A good example for all of us is the work that Stan Baber, a retired Boeing employee and the education chair of the Northwest IES chapter, is doing with the schools in the Seattle area. Stan is working through the IES and with other technical societies to bring an awareness of high technology to the students in our school system; an effort we could all support.
Representation
The fourth benefit is representation, by which I mean the role the technical society or organization plays in representing the interests of your specific profession. Job security, continuation of earned benefits and the 40-hour work week are in jeopardy in this age of downsizing. Many changes detrimental to the professional are pushed in the name of competitive pressure, when in fact inept management may be willing to sacrifice experienced employees to show a better bottom line to stockholders…a short-term fix for a long-term problem.
Technical societies haven`t been very assertive in the past. But, as corporations become increasingly reluctant to foot the bill for professional dues and other technical activities for employees, societies must wake up to the fact that they are now representing individuals, not corporations. Technical societies need you now more than ever before.
Engineers have not been strong supporters of participation and involvement unless their companies have paid the bill. It`s time to pick up some of the burden and work on our own behalf. An investment of $100 could cover membership and participation at a local level, and $1,000 or less usually covers participation in a national meeting.
Often, companies are more willing to provide support if individuals demonstrate they`re interested enough to put some of their own skin into the project.
Social Contacts
Finally, social contacts are also a key benefit of technical societies. Although this isn`t usually mentioned, one of the most important long range benefits of participation is the opportunity to meet new people and form friendships. This fall, when my wife and I drove from Vermont to California to attend the CleanRooms `94 West show in Santa Clara, one of the real joys of the trip was stopping across the country to visit some of these friends.
Quite frankly, the real bottom line to involvement is not self-promotion. That`s a byproduct. The main benefit is the invigoration that comes with a change of perspective.
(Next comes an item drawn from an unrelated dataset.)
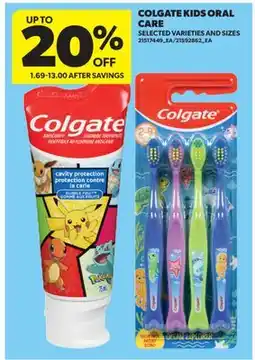 Real Canadian Superstore COLGATE KIDS ORAL CARE offer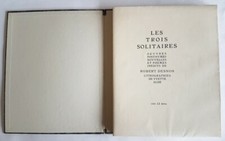 RARE EO N° ROBERT DESNOS + 5 LITHOGRAPHIES YVETTE ALDE : LES TROIS SOLITAIRES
No doubt some of you are reading this and saying: “Yeah, yeah. Been there, done that, got the T-shirt.” But time has also marched on since you were that young hard-charging engineer. Some invigoration might be just the thing to pick up your life and contribute to those around you.
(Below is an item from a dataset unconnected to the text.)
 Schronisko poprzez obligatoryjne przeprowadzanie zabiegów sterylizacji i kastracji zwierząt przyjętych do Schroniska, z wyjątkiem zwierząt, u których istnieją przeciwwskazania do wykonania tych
A friend of mine who left a giant corporation 10 years ago to work for himself says three things are critical to survival in our changing work environment. They are accessibility, credibility and visibility. Involvement in technical societies can help provide all three. n
Harold Fitch is president of Future Resource Development, a consulting firm in Burlington, VT, specializing in cleanroom education and problem-solving. He conducts international training seminars for CleanRooms` shows and seminars.